DENVER - Cherry Creek School District administrators have placed a high school teacher on routine administrative leave as they investigate her tweets and photos on Twitter.
The first-year math teacher, who 7NEWS is not naming because she has not been accused of a crime or violating school policy, has not been disciplined.
Some of the photos from Twitter show the teacher in skimpy outfits. One photo shows the teacher smoking an unknown substance. Some of her tweets referenced weed.
They were found because her account was public and not privacy-protected.
A bill being discussed at the state Capitol would not have helped the teacher, but deals with social media and workplace discrimination.
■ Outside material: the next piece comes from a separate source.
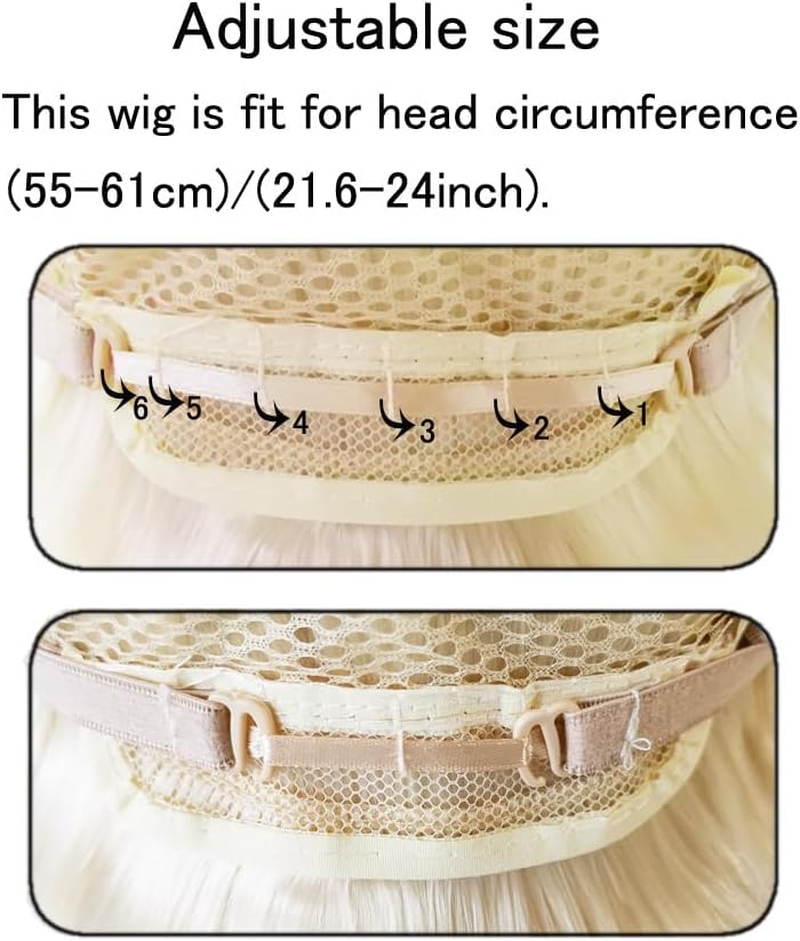 Rise World Wig Cool Mens Boys Short 25Cm Straight Blonde Hair Wigs Party Heat Resistant Cosplay Wig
State Rep. Angela Williams, D-Denver, is the sponsor of the Social Network Privacy Act legislation. It would prohibit an employer from asking an applicant or current employee for their personal social network usernames and passwords.
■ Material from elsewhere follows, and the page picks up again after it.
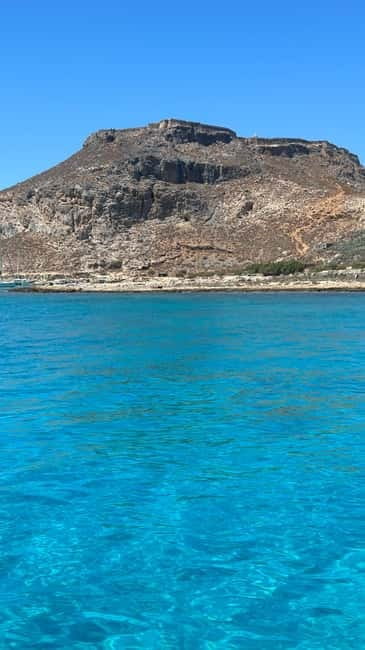 Cruise to Elafonisi, Balos & More on a Day of Hidden Wonders - Key points / Takeaways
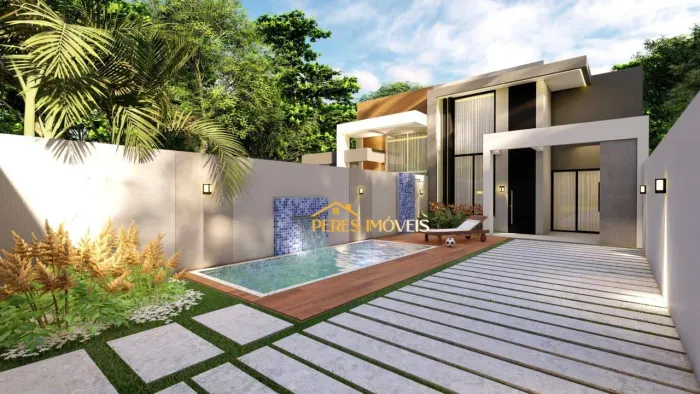 Casa com 3 dormitórios à venda, 107 m² por R$ 650.000,00 - Jardim Bela Vista - Rio das Ost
"You are hired based upon your qualifications. You are not hired based upon what you're doing with your family or -- you might be bike riding -- or whatever you're doing within your personal time," said Williams. "That's an invasion of your privacy, so that's why we need to pass this bill."
The legislation would protect applicants and employees from being discriminated against for not sharing their social network logins.
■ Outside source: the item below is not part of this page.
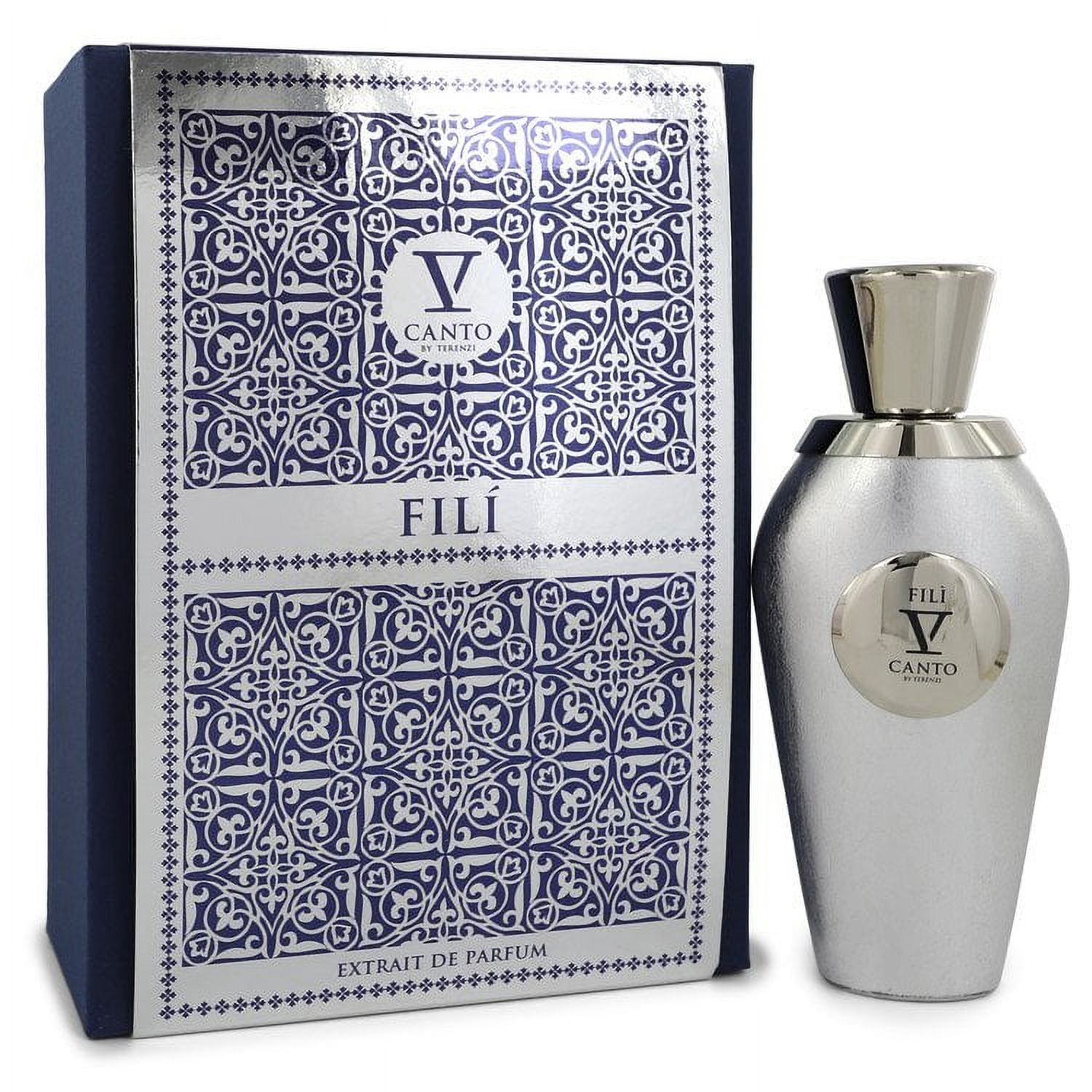V Canto 552060 100 ml Stricnina V Extrait De Parfum Spray for Men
"Your employer should not have a right to ask you your personal information," said Williams.
If the bill became law, those who feel discriminated against could seek civil remedies. The business could also face a fine.
"This is all about personal privacy," said Williams.
The bill has been assigned to a House committee, but does not have a date to be debated because it's being reworked by Williams.
According to Williams, six states have already passed legislation similar to this. She said Colorado is one of 14 states currently considering passing this type of legislation.